**THE TASK**
Scan the records below, and wherever a line has the word "lighting", pull it out.

**PROVIDED INFORMATION**
________________________________________

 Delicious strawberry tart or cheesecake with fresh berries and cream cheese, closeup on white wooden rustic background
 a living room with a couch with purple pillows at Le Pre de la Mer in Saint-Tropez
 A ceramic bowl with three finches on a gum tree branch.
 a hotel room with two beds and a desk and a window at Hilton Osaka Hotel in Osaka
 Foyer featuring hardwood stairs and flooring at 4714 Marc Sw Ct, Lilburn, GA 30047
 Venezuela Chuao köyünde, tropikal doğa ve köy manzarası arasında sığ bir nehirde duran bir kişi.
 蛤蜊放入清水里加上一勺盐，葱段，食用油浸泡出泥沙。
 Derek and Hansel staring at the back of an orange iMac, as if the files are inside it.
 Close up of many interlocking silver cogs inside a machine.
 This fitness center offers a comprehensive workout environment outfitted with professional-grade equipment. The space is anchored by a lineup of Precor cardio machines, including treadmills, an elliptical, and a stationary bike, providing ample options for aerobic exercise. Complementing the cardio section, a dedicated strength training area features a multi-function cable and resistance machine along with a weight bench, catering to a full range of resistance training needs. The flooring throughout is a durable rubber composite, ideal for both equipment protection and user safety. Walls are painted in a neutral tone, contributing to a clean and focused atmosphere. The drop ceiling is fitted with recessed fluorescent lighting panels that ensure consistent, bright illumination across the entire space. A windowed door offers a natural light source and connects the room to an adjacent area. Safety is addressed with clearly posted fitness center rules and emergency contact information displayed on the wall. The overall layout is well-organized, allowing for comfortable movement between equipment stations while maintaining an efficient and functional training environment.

________________________________________

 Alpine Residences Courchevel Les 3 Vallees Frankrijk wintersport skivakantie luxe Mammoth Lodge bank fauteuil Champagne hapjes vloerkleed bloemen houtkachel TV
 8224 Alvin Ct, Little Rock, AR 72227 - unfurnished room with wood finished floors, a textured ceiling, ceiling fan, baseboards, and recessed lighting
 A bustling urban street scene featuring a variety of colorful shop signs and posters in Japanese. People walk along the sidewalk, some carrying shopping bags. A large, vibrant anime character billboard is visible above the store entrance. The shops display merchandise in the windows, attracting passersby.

________________________________________

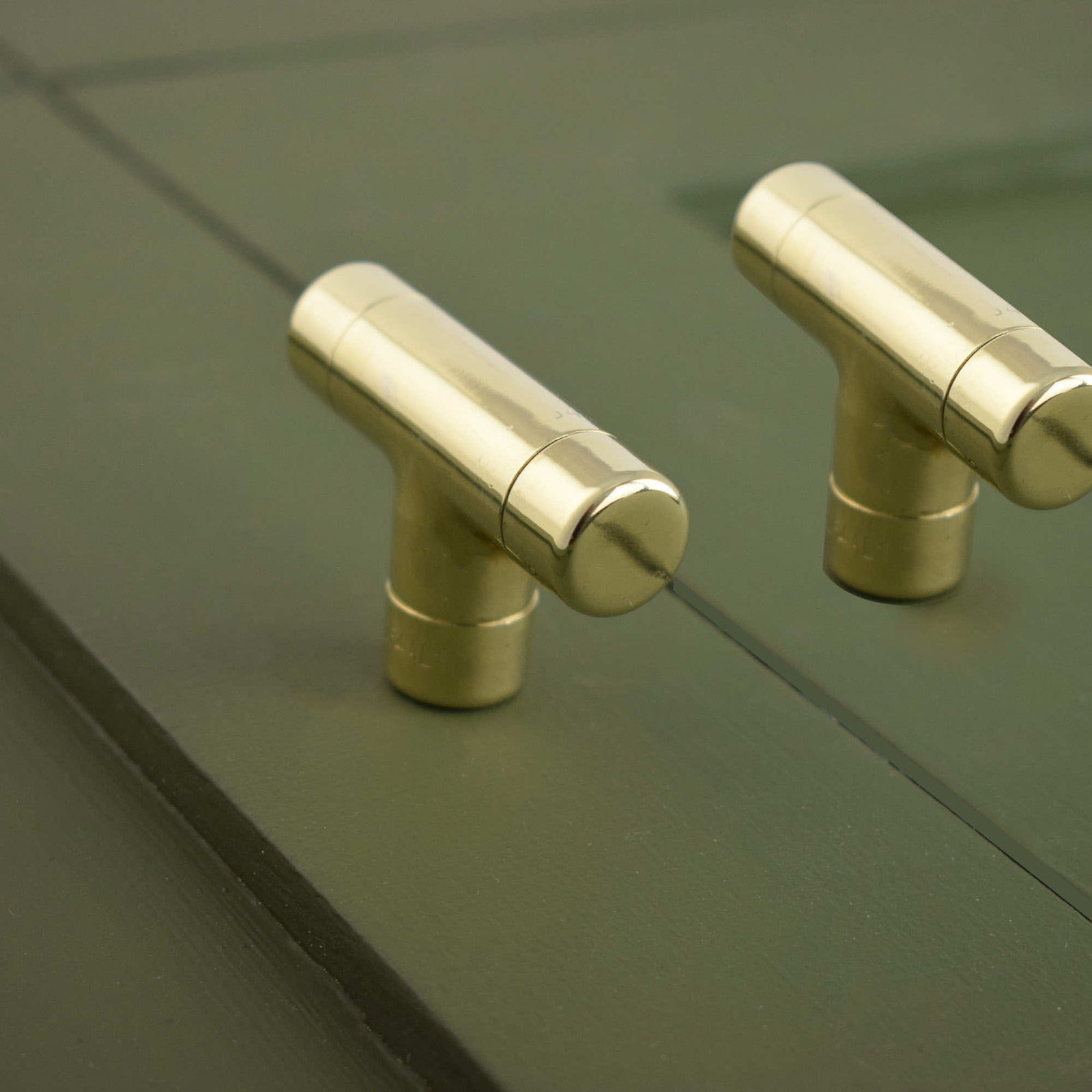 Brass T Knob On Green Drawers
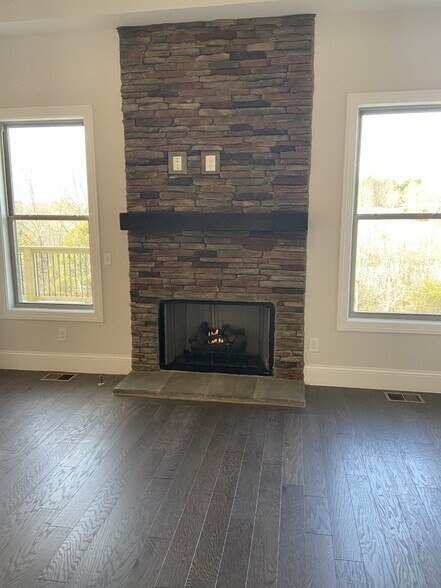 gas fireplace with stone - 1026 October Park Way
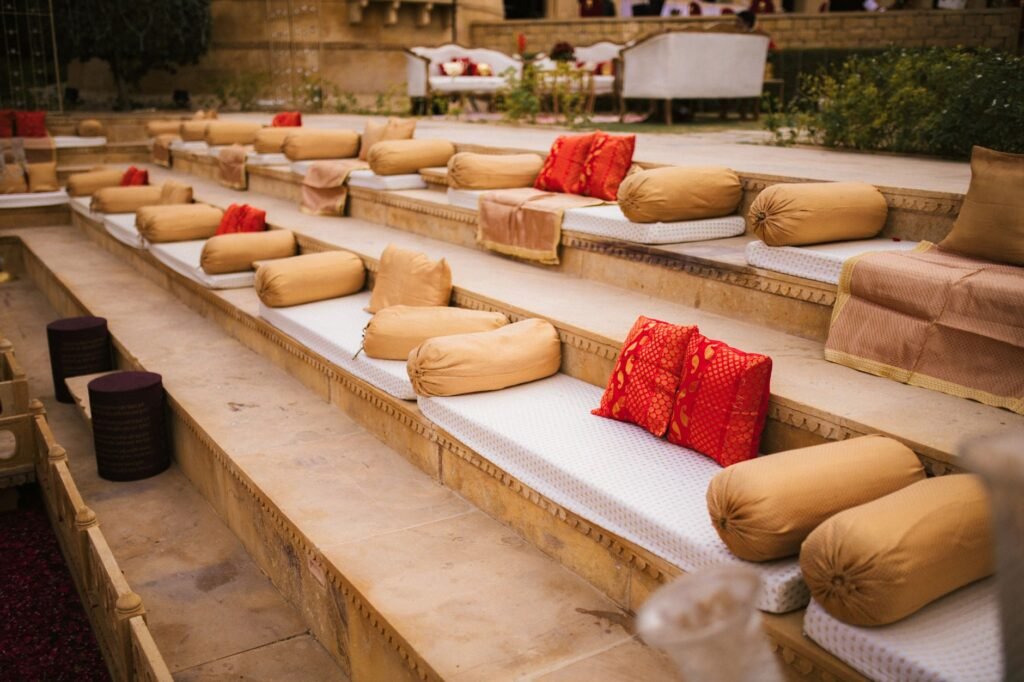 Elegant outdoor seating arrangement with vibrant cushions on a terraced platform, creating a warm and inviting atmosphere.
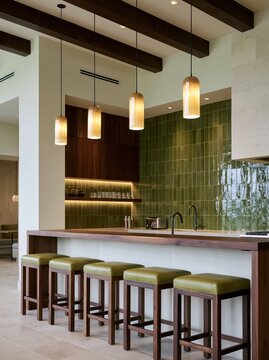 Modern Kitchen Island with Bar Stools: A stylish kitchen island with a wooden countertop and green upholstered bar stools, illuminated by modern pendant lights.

________________________________________

**OUTPUT OF THE EXERCISE**
 This fitness center offers a comprehensive workout environment outfitted with professional-grade equipment. The space is anchored by a lineup of Precor cardio machines, including treadmills, an elliptical, and a stationary bike, providing ample options for aerobic exercise. Complementing the cardio section, a dedicated strength training area features a multi-function cable and resistance machine along with a weight bench, catering to a full range of resistance training needs. The flooring throughout is a durable rubber composite, ideal for both equipment protection and user safety. Walls are painted in a neutral tone, contributing to a clean and focused atmosphere. The drop ceiling is fitted with recessed fluorescent lighting panels that ensure consistent, bright illumination across the entire space. A windowed door offers a natural light source and connects the room to an adjacent area. Safety is addressed with clearly posted fitness center rules and emergency contact information displayed on the wall. The overall layout is well-organized, allowing for comfortable movement between equipment stations while maintaining an efficient and functional training environment.
 8224 Alvin Ct, Little Rock, AR 72227 - unfurnished room with wood finished floors, a textured ceiling, ceiling fan, baseboards, and recessed lighting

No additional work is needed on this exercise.